Problems will be similar to ones done for homework. You may use
calculators to do arithmetic, although you will not need them. You may
not use any calculator that has the capability of doing
either calculus or linear algebra.
Topics Covered
- Orthogonal Projections, Least Squares, and QR factorization -
§ 5.9.
- Be able to find the orthogonal projection matrix Q, given an
orthonormal basis for a space V0 of
Rp or Cp.
- Be able to find the QR decomposition for a matrix and be able to
use it to find solutions to simple least squares problems.
- Linear Transformations and Basic Properties - § 6.1,
6.2
- Know the definitions of these terms: linear transformation, null
space (kernel), range, image, inverse, and adjoint. Be able to show
that the null space and the image space are subspaces, and be able to
find bases for these spaces. Be able to find inverses and adjoints in
simple cases.
- It is very important to be able to find the matrix for a linear
transformation relative to bases for the domain and range. One can
then solve unlikely looking problems (differential equations, for
example) using this matrix. Given a linear transformation T:
V-> V and a basis B for V, be able to find the
matrix A for T, as well as bases for the null space and for the image
space of T.
- Norms and Condition numbers for Linear Transformations and
Matrices - § 6.3, 6.4
- Know how to define the norm of a linear transformation T:
V-> W, where V and W are normed linear
spaces. Be able to find the 1 and infinity norms for a p×q
matrix A.
- Be able to find the condition number of a matrix (1 or infinity
norm). Be able to determine how stable a system of linear equations
is, given the condition number of the coefficient matrix.
- Eigenvalue Problems - § 7.1-7.2
- Be able to solve eigenvalue problems. Know these terms:
eigenvector, eigenvalue, eigenspace, characteristic polynomial,
algebraic multiplicity, and geometric multiplicity.
- Be able to make use of the form of the characteristic polynomial
(see Theorem 7.6, pg. 285) to get information about eigenvalues. An
example of this is problem 2, pg. 292. For a given eigenvalue, the
geometric multiplicity is less than or equal to the algebraic
multiplicity.
- Linear Transformations, Eigenvalue Problems, and Matrix
Representations - § 7.3
- Recall that we defined a linear transformation T: V->
V to be diagonalizable if there is a basis relative to which
the matrix of T is diagonal. Be able to show that T is diagonalizable
if and only if V has a basis of eigenvectors of T.

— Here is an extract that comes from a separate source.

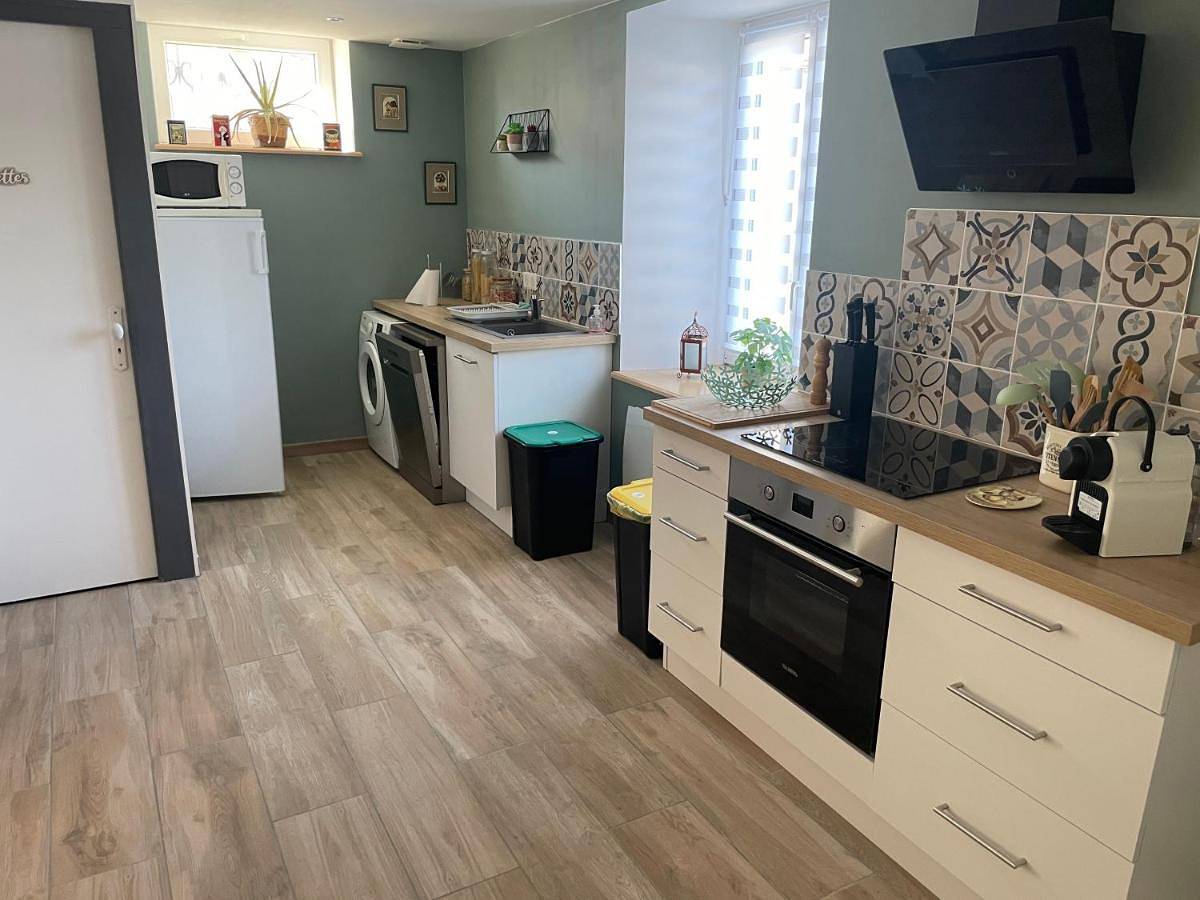 Two-Bedroom House in Vigneulles-lès-Hattonchâtel, Région de Commercy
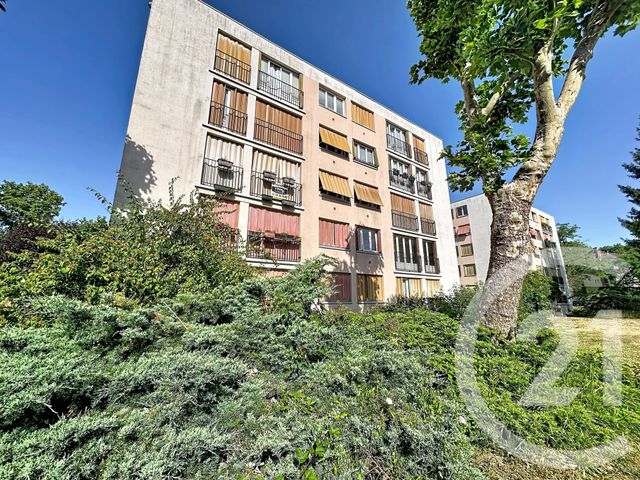 Appartement F4 à vendre - 4 pièces - 75.0 m2 - BIEVRES - 91 - ILE-DE-FRANCE - Century 21 La Verte Vallée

- For matrices, the definition above means that a p×p matrix
A is diagonalizable if and only it has p linearly independent
eigenvectors. Be able to diagonalize a matrix, and be able to give
examples of matrices that are not diagonalizable.
- Similarity - § 7.4
- Know the definition of similar matrices: p×p matrices A and
B are similar if and only if there is an invertible matrix S such that
B= S-1A S. Similar matrices effectively represent the same
linear transformation, but with respect to different bases for the
underlying space.
- Be able to show that if A and B are similar, than Ak
and Bk are also similar. Also, be able to calculate the
matrix exponential exp(A) via diagonalizing A.
- We are skipping the Jordan form this time around.